In this one, the gumshoe bursts up a couple's home after Mrs. Jellybone mistakes her husband's wig mannequin head combined with some blood of his from a cut for her husband having been decapitated. Meanwhile, Mr. Jellybone has snuck off to a poker game with the boys, and Detective Homes pins the murder on an innocent bystander. Although the Sherlock Homes parody is slightly amusing--the bit where he scares a girl with his ridiculous disguise and habit of sneaking up on people while staring into his magnifying glass admittedly made me chuckle, and the business of his lighting his two pipes with a light bulb is a silly introduction--it's Blanche Cornwall as the "Twentieth Century Woman" Mrs. Jellybone who steals the show. The real laughs are when she starts seemingly cursing after discovering her husband's inadvertent deception and followed by her calm fierceness as she stands behind her man after discovering the advertent deception of sneaking out to gamble--clearing out the room of the other men before surprisingly hugging him as her relief from him being alive outweighs her annoyance at his wayward ways. Just exceptional acting for a 1913 one-reeler.

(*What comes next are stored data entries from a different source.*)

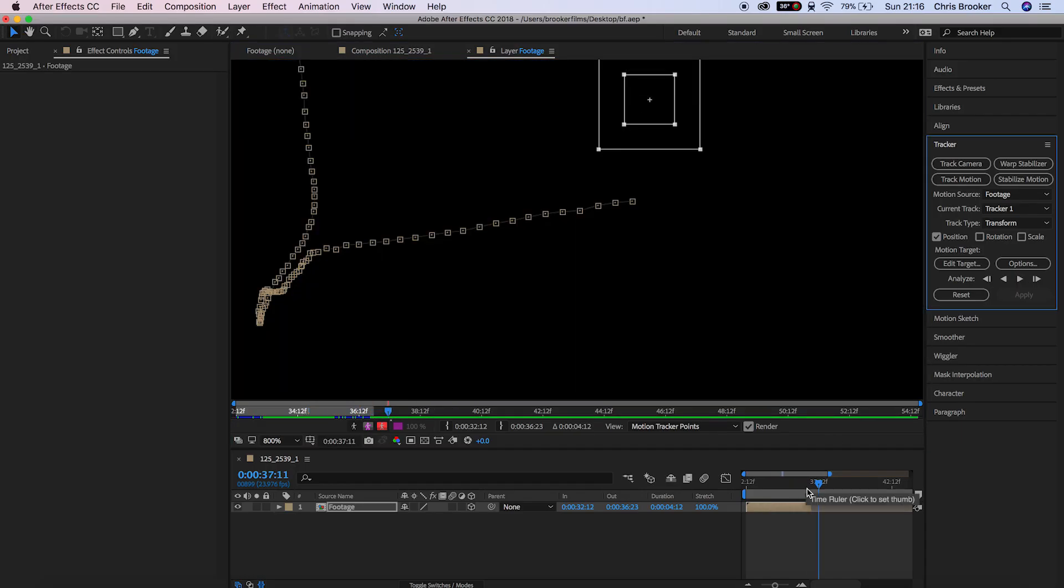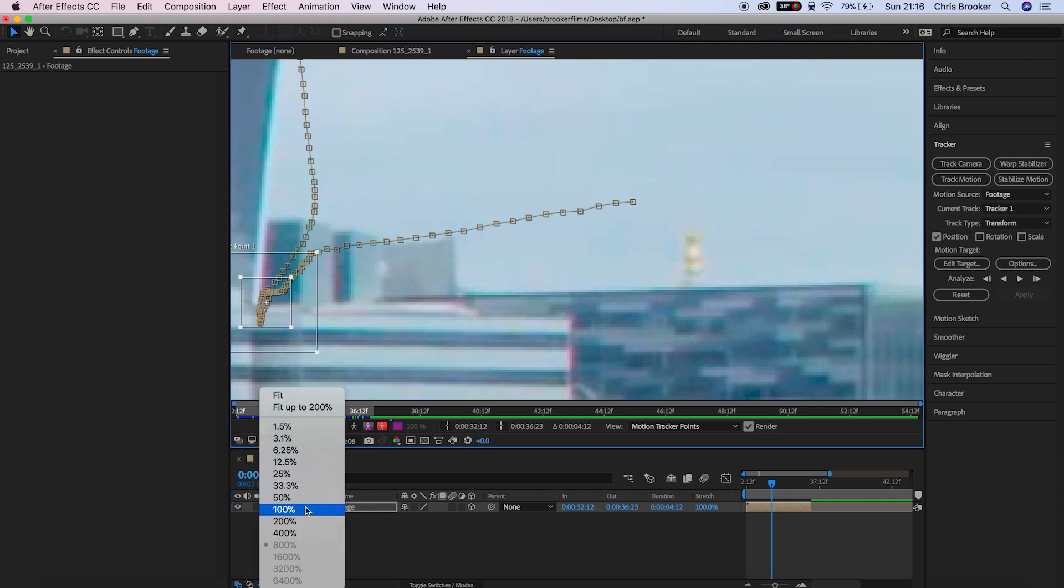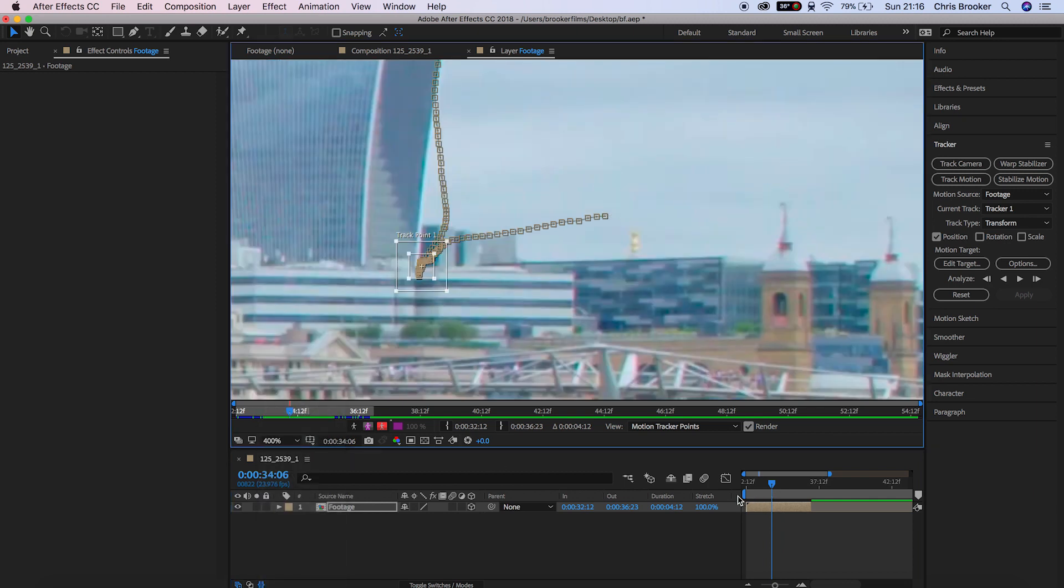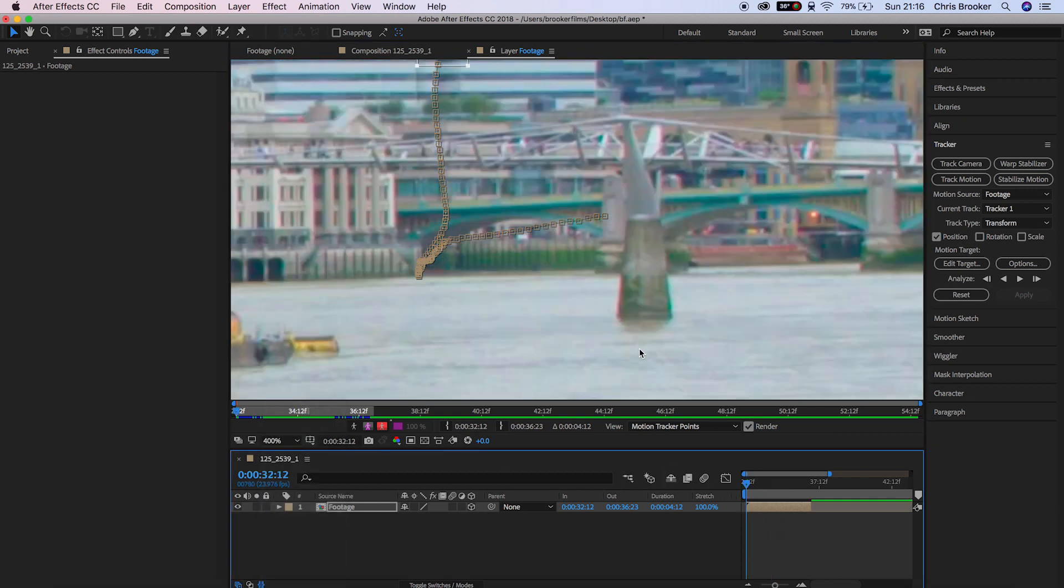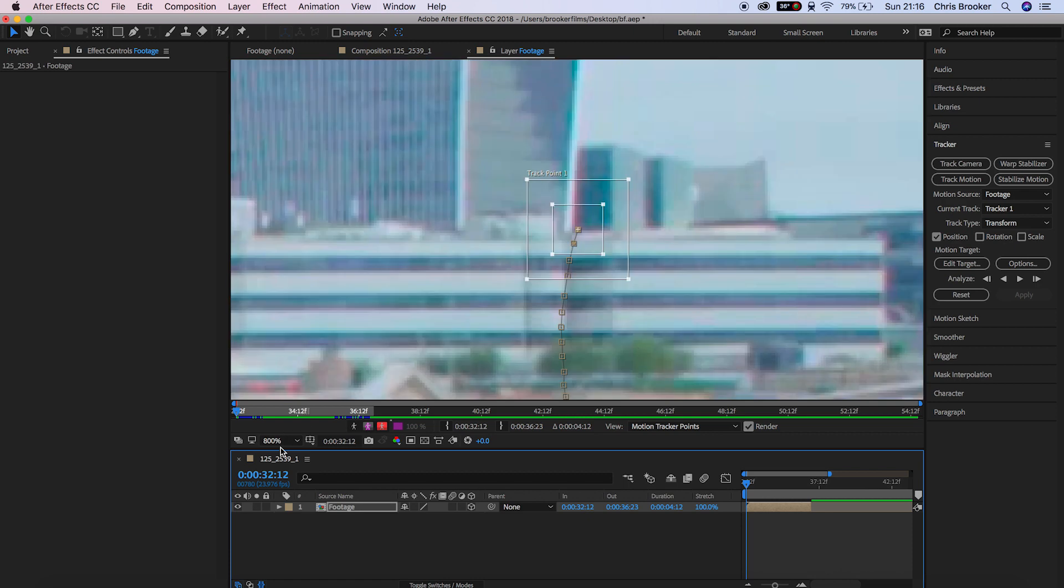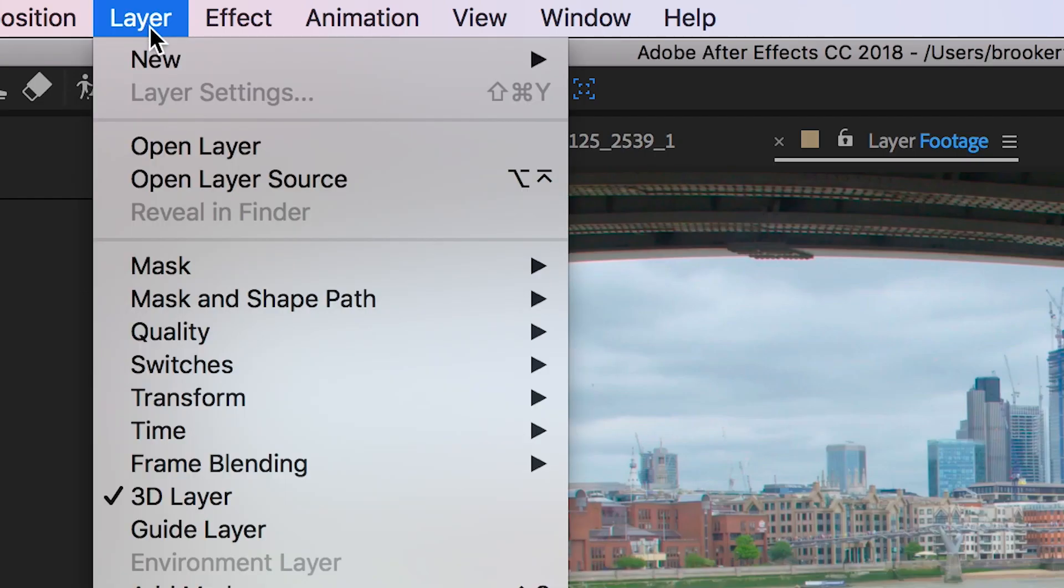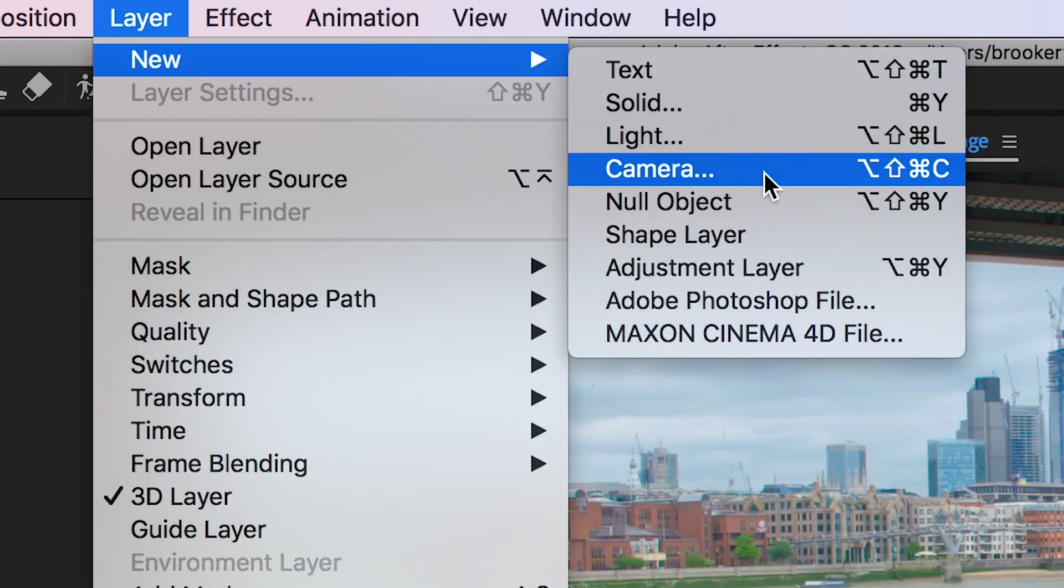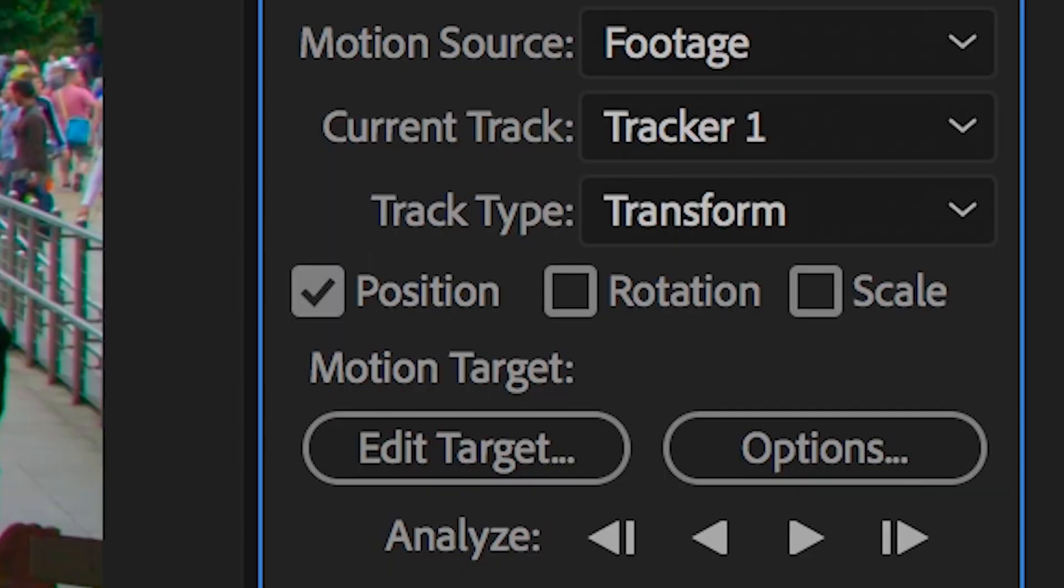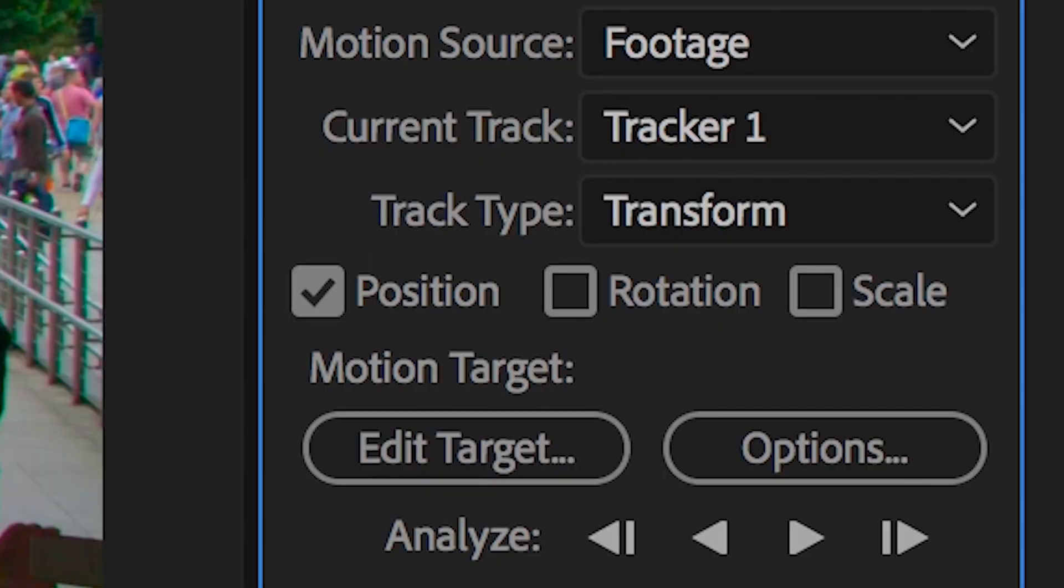Now we'll just go through and double check that that tracking point is following the camera's movement, and once you're happy we can go ahead and create a brand new null object. We'll go into layer, new null object, and from here in the tracker window we're going to press edit target.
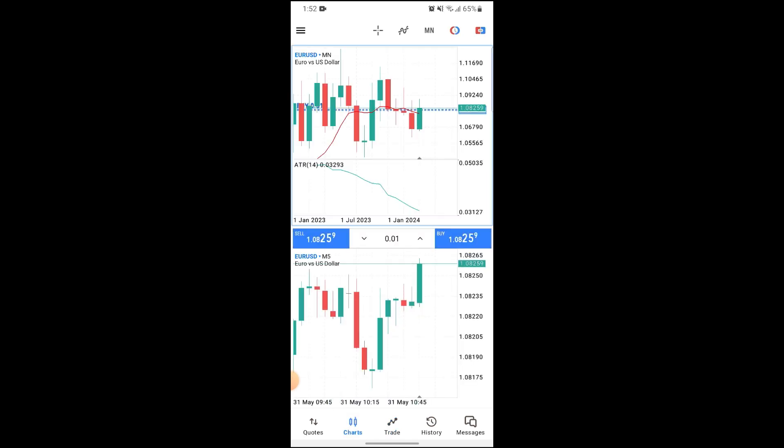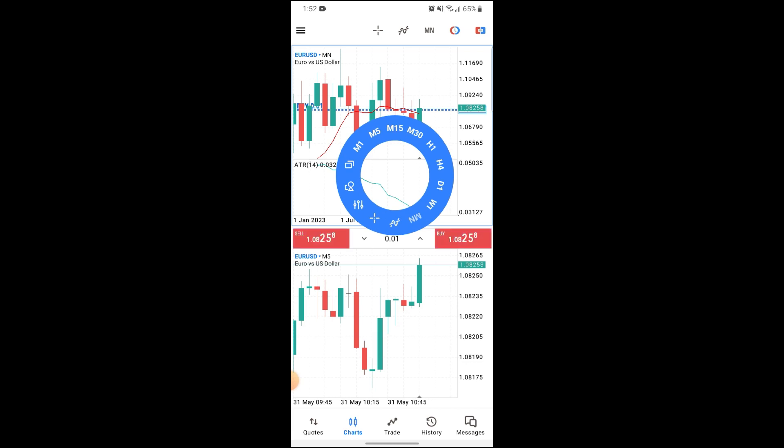On the chart, you can click on any empty space and it will show you this wheel, or you can simply click on the button beside MN at the top of your screen.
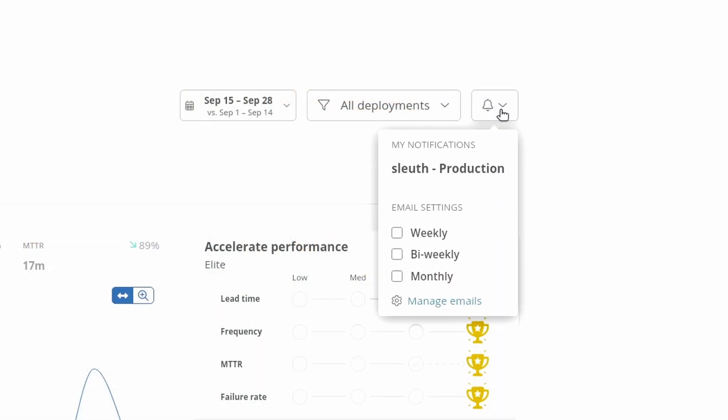These insights can be emailed to you on a periodic basis so you can keep tabs on things without even needing to go to Sleuth. If you've heard enough and want to know how to set up Sleuth for your team in just about a minute, watch this video. If you want to know what other metrics Sleuth covers, try this video.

I also recommend adding a reading to one's viewing of this and another Guy Solax one-reeler, "Canned Harmony" (1912) with Barbara McBane's essay "Imagining sound in the Solax films of Alice Guy Blaché: Canned Harmony (1912) and Burstop Holmes' Murder Case (1913)." In the author's commentary on this title, she compares the "Twentieth Century Woman's" addresses to the camera to the mimed speech in contemporary suffragist films ("What 80 Million Women Want" (1913) comes to mind), to go along with the wife's already then-supposed-mannish dress and apparent dominance in the marriage. Not too surprising given that Guy had already parodied feminism and gender-bending at Gaumont with "The Consequences of Feminism" (1906), a scenario she reworked in the now-lost Solax production "In the Year 2000" (1912). McBane also discusses other instances of imagined sound in the silent film, such as in the second scene and second of the film's through-mirror shots where Mrs. Jellybone first talks facing the camera, as well as the husband's response to his pal's whistling to call him to the poker game after a phone call fails. Plus, McBane attempts to find further reflexive commentary on filmmaking in this use of sound and in the disembodied head as reflecting the disembodied nature of film itself.

(Note: Although the booklet for the Pioneers: First Women Filmmakers set claim this one is a 2k restoration from 35mm elements, it's a worn print that is especially blurry and contrasty in some parts as though it were a reduction print. Nevertheless, Burstup Homes's fake nose remains obvious.)